How can I rearrange a data.table by id, so that the columns within the same id are put next to each other? The following code as a short example of input and desired output
require(data.table)
set.seed(456)
DT <- data.table(id = c(1,1,1, 2,2, 3,3, 4,4,4, 5),
X = round(runif(11, 0, 1),2),
Y = round(runif(11, 5, 10)),
A = c(rep(9, 3), rep(10, 2), rep(11, 2), rep(12, 3), 13))
Input
DT
# id X Y A
# 1: 1 0.09 6 9
# 2: 1 0.21 9 9
# 3: 1 0.73 9 9
# 4: 2 0.85 8 10
# 5: 2 0.79 8 10
# 6: 3 0.33 9 11
# 7: 3 0.08 7 11
# 8: 4 0.29 9 12
# 9: 4 0.24 6 12
# 10: 4 0.39 6 12
# 11: 5 0.37 9 13
# ...
I want something like this:
for every subset by id: After all constant variables (within each id, here: A and id), put all different variables (within each id, here: X- and Y-columns) in the same row by creating new columns (X -> X1, X2, X3, Y -> Y1, Y2, Y3)

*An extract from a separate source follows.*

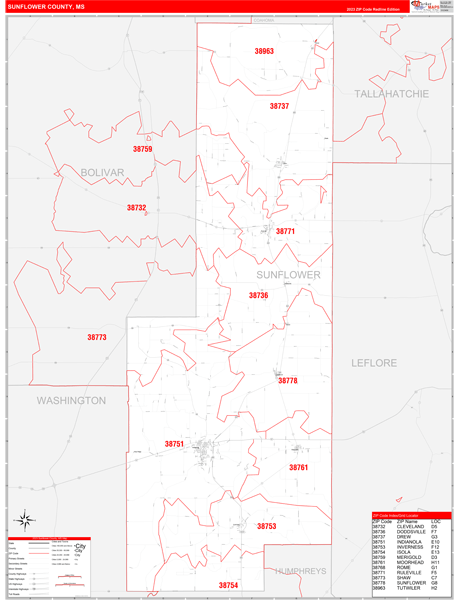 Sunflower County Digital Map Red Line Style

The occurences by id are different and vary in my case between 1 and 3, so the missing values for all ids with occurences less than 3 should be filled with NA
.
Desired output
# id A X1 Y1 X2 Y2 X3 Y3
# 1 9 0.09 6 0.21 9 0.73 9
# 2 10 0.85 8 0.79 8 NA NA
# 3 11 0.33 9 0.08 7 NA NA
# 4 12 0.29 9 0.24 6 0.39 6
# 5 13 0.37 9 NA NA NA NA
# ...
It is easy to get the number of items in every subset with DT[,.N, by = id]
, but I struggle with the next steps. Of course the number of columns and rows is much larger, so that I would prefer solutions with less naming of the columns (but of course somewhere the constant and different columns should be defined).